In the notes of the verse mentioned that Divodaśa was the personal name of the king and Dhañvañtari was an epithet, since he was known as the incarnation of Dhañvañtari, the god of medicine.
He was living in a hermitage suggest that he had handed over the reins of his kingship to someone else and in his later age reside in a hut leading a saintly life and imparting his Ayurveda knowledge to others.

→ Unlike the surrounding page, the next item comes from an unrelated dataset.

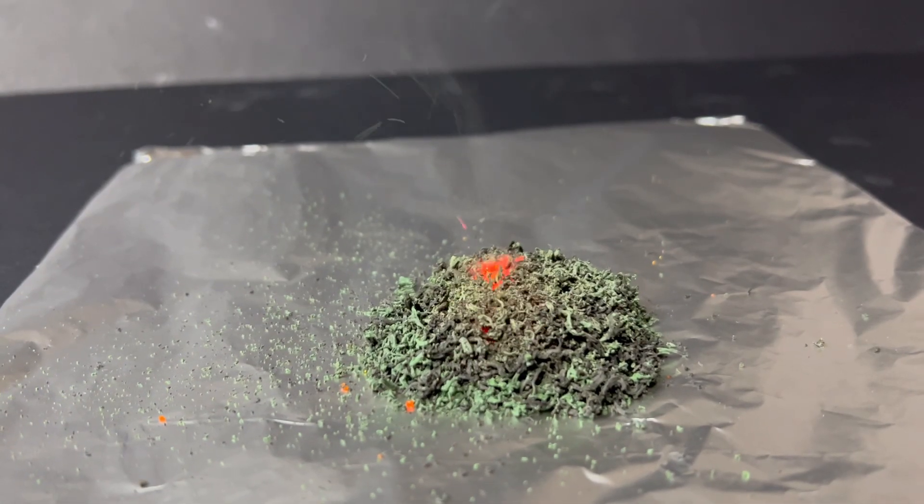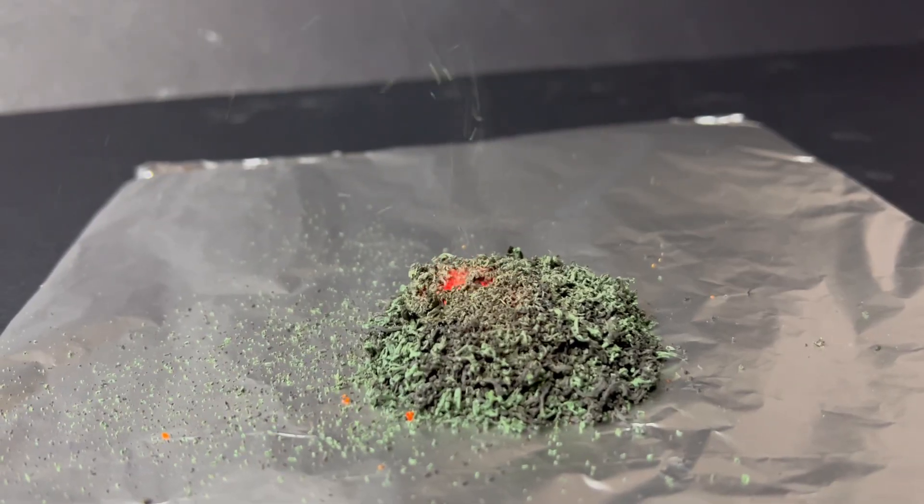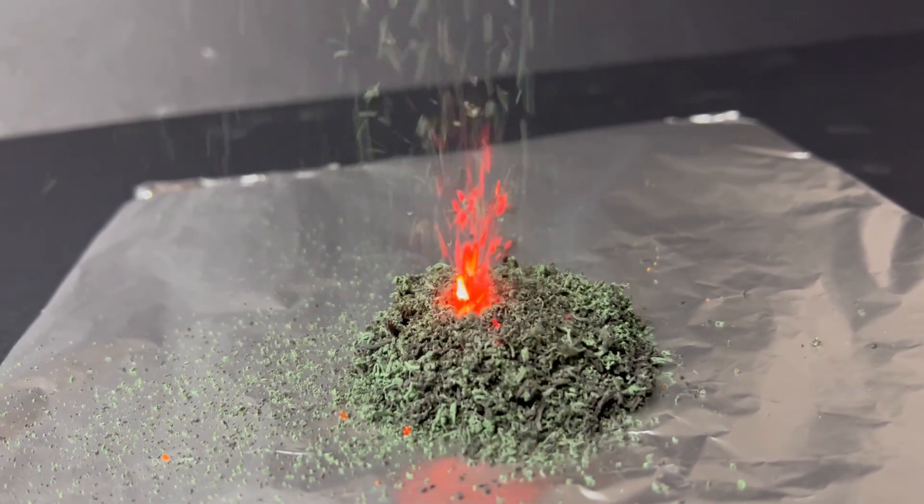The colour and texture changes clearly show that a new substance has formed, and the heat and sparks show that energy has been released.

By the request of Aupadhevana and others, Divodaśa Dhañvañtari started his teaching of Ayurveda. By that he started from the origin of Ayurveda. In the next verse, 6-7 mentioned that Lord Brahma propounded the science, by name Ayurveda, a branch of Atharvaveda, even before creating living beings and composed it in one hundred thousand verses, divided into one thousand chapters. Later noticing that men are short lived and poor of intelligence, he (Brahma) divided Ayurveda into eight branches such as Śalya tañtra (surgery), Śalakya tañtra (ophthalmology .etc), Kāya cikitsa (inner medicine), Bhūta vidyā (demonology), Kaumārabhṛtya tañtra (pediatrics), Agada tañtra (toxicology), Rasāyana tañtra (rejuvenation) and Vājīkaraṇa tañtra (virilification).
In other verses in the same chapter Divodaśa Dhañvañtari again narrated about the propagation of Ayurveda. In the verse 20th mentioned that:
Brahmā provāca, tataḥ prajāpatiradhijage, tasmādaśvinau, aśvibhyāmindraḥ, indrādaham, mayā itvaha, pradeyamarthibyaḥ prajāhitahetoḥ. 20
Lord Brahma revealed this science first, next Prajāpati learnt it, from him the Aśvini twins, from Aśvinis, Indra learnt it, I learnt it from Indra, now I am giving it to those who desire it, for doing good to living beings of this world.
In the next verse (21), Divodaśa Dhañvañtari said that he is the Adhideva (first god) of Ayurveda.
aham hi dhañvañtarirādidevo jarārujā mṛtyuharo’amarāṇām.
śalyāṅgam aṅgairaparairupetam prāpto’asmi gām bhūya ihopadeṣṭum. 21
“I am Dhañvañtari, the Adhideva (first god), who cured the immortals (god) from old age, diseases and death, now I have come to this earth (as reincarnation) to teach Śalya tañtra and other branches of Ayurveda.